One idea was to reach out to multidisciplinary specialists within Cornell and elsewhere in the industry. For field trips, they divide students into small groups rather than squeeze a large and intrusive crowd into a tight clinical setting. “It just took a little more planning and organization until we were able to get that on the money,” Ancker says.

Job Placement Efforts 
Initiatives to help students land jobs following graduation begin long before commencement day. “We actually do some career stuff throughout the entire semester,” Ancker says. “We have a résumé consultant, and we have different guest speakers talk about career opportunities at their institution or company.”

That’s not all. Commencement day is more than an occasion to toss your cap in the air and head for your favorite restaurant. As they graduated their first classes, Cornell and Columbia held a joint job fair with employers advertising more than 200 job openings.

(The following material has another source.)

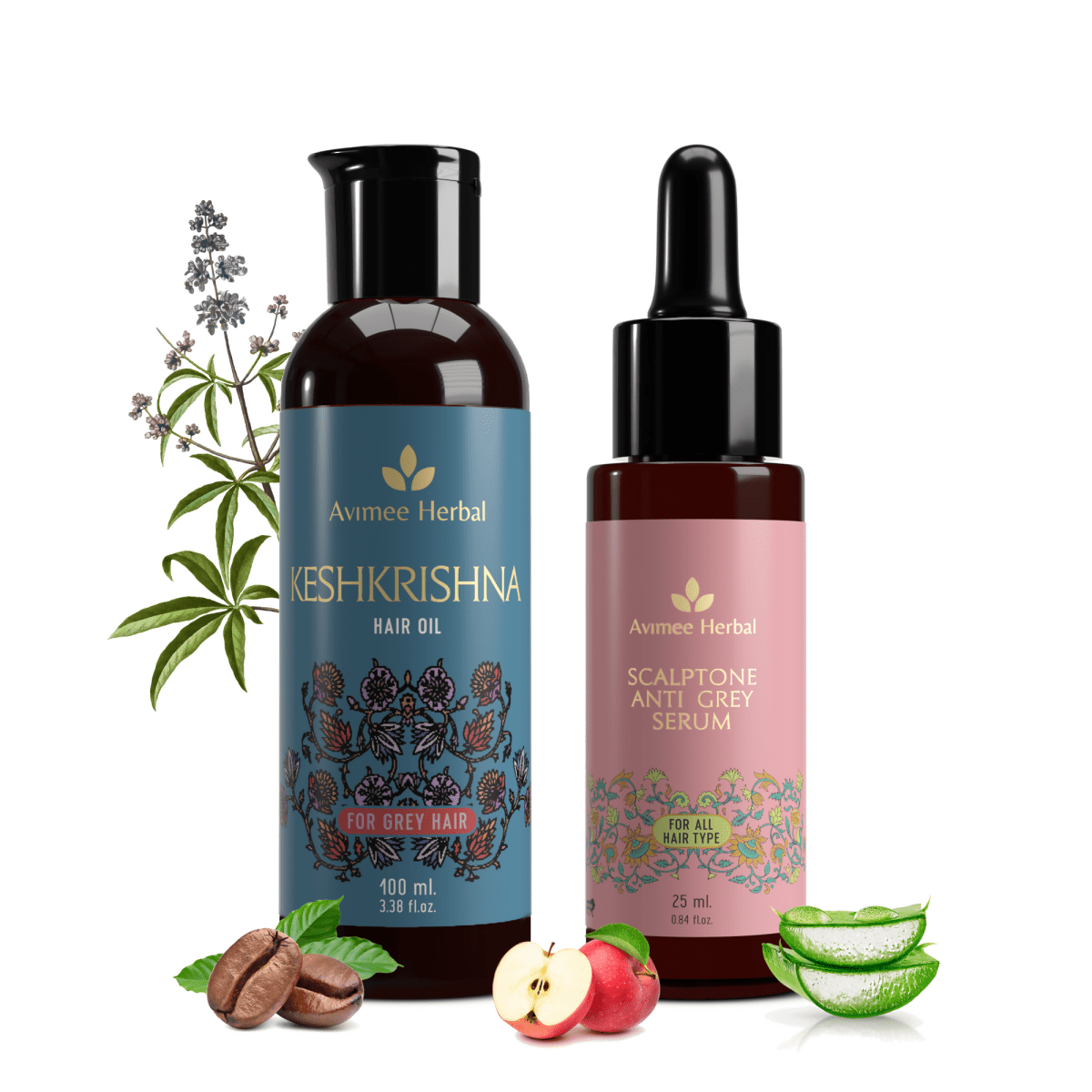 Avimee Herbal Anti Grey Hair Combo - Keshkrishna Hair Oil And Scalptone Grey Hair Serum, Restores Natural Color | Grocsy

Ancker and her colleagues also disseminate job opportunities on their LinkedIn group’s site, which has also become a de facto channel for good news from graduates already in the field. “Every time one of my students gets a job and they update their LinkedIn account, I can see that,” Ancker says. 

Reason for Optimism
A growing demand for well-educated HIT professionals suggests that Cornell’s training program and those at other institutions will likely be self-sustaining even after the ONC’s grants expire later this year. Ancker envisions gratifying opportunities for the young and the seasoned alike.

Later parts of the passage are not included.